Intervention de Michelle Meunier

Réunion du 13 décembre 2022 à 14h30
Adaptation au droit de l'union européenne dans divers domaines — Discussion générale

Photo de Michelle MeunierMichelle Meunier :

Monsieur le président, monsieur le ministre, mes chers collègues, une fois n’est pas coutume, notre Haute Assemblée est appelée à examiner un texte législatif de transposition de directives européennes dans notre droit national.

La dernière fois que nous nous sommes penchés sur ce type d’exercice, c’était à l’automne 2021, pour transposer des directives dans le domaine des transports, de l’environnement et des finances.

À l’époque, notre groupe insistait sur les vulnérabilités qui pesaient sur l’édifice européen à vingt-sept, à la sortie de la crise sanitaire. C’était il y a un an, et ces circonstances déjà exceptionnelles nous paraissent éloignées tant l’actualité politique de notre continent subit désormais le choc de l’invasion russe en Ukraine, à nos portes, et ses conséquences énergétiques palpables au quotidien.

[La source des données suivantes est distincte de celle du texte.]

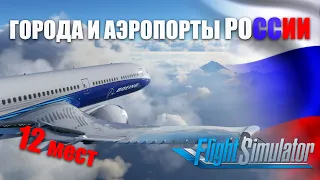 Microsoft Flight Simulator - Часть 4. Города Дальнего Востока и Камчатки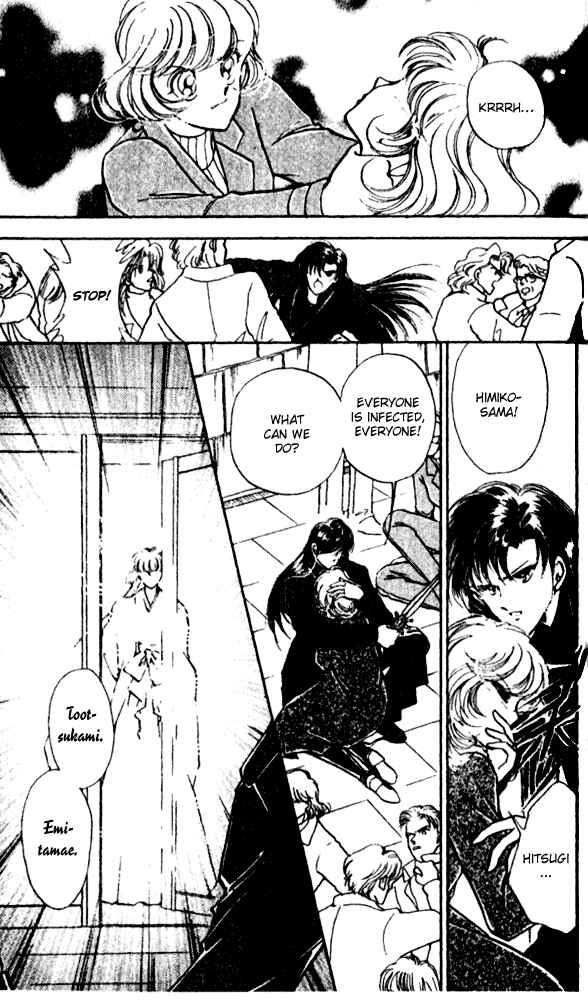 Page 27 Chapter 8 Could Be Forever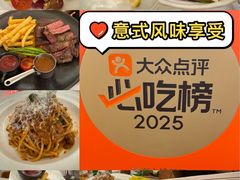 -安妮意大利餐厅(世贸天阶店)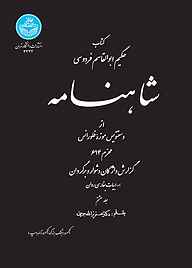 کتاب شاهنامه از دستنویس موزه فلورانس جلد 8 نشر انتشارات دانشگاه تهران   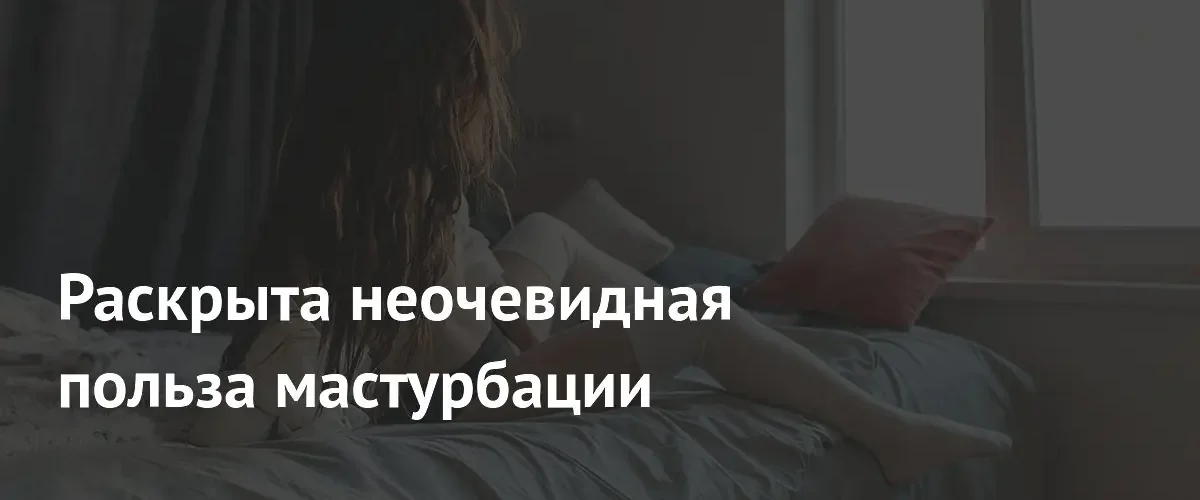 Ученые выяснили, как мастурбация помогает парам сохранять близость на расстоянии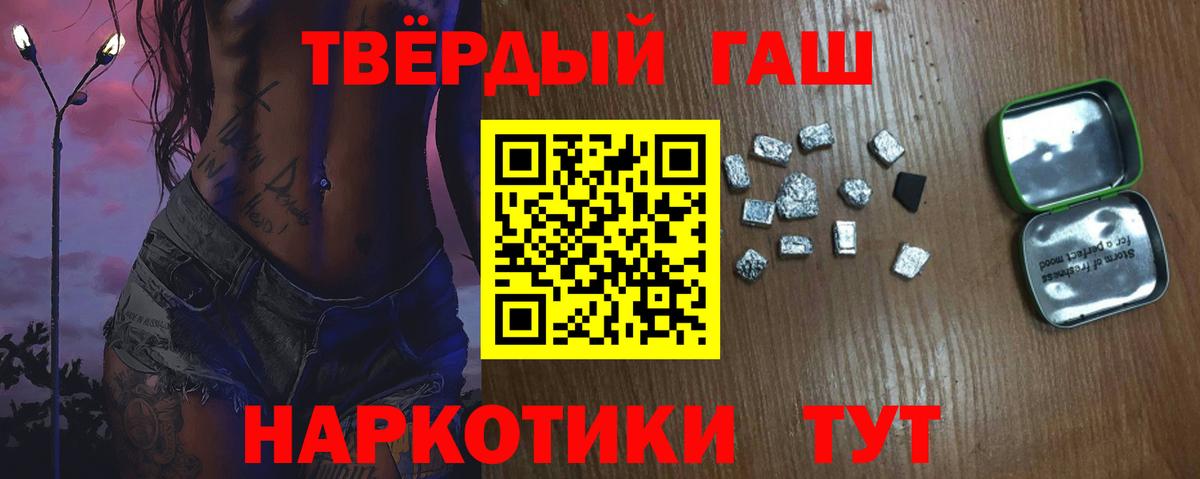 Кушва  ГАШ ice o lator  цены наркотик  ГАШИШ 40% ТГК  Вход с VPN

Dans ce contexte, décliner en lois nationales l’incarnation du rêve européen et de son cadre communautaire revêt une importance que nous ne saurions négliger.

Ce projet de loi, composite – cela a déjà été dit et répété –, choisit à sept reprises un vecteur habituel pour la transposition : le recours à des ordonnances. Sur bien des sujets, cette carte blanche accordée à l’exécutif peut se justifier : les directives transposées sont suffisamment cadrées, et la matière est technique. Par exemple, le premier chapitre, consacré aux activités d’assurance et d’épargne retraite, n’appelle pas de réserves particulières.

Mais certains articles recourent aux ordonnances pour transposer des dispositions sur lesquelles notre travail parlementaire aurait permis une écriture législative directe.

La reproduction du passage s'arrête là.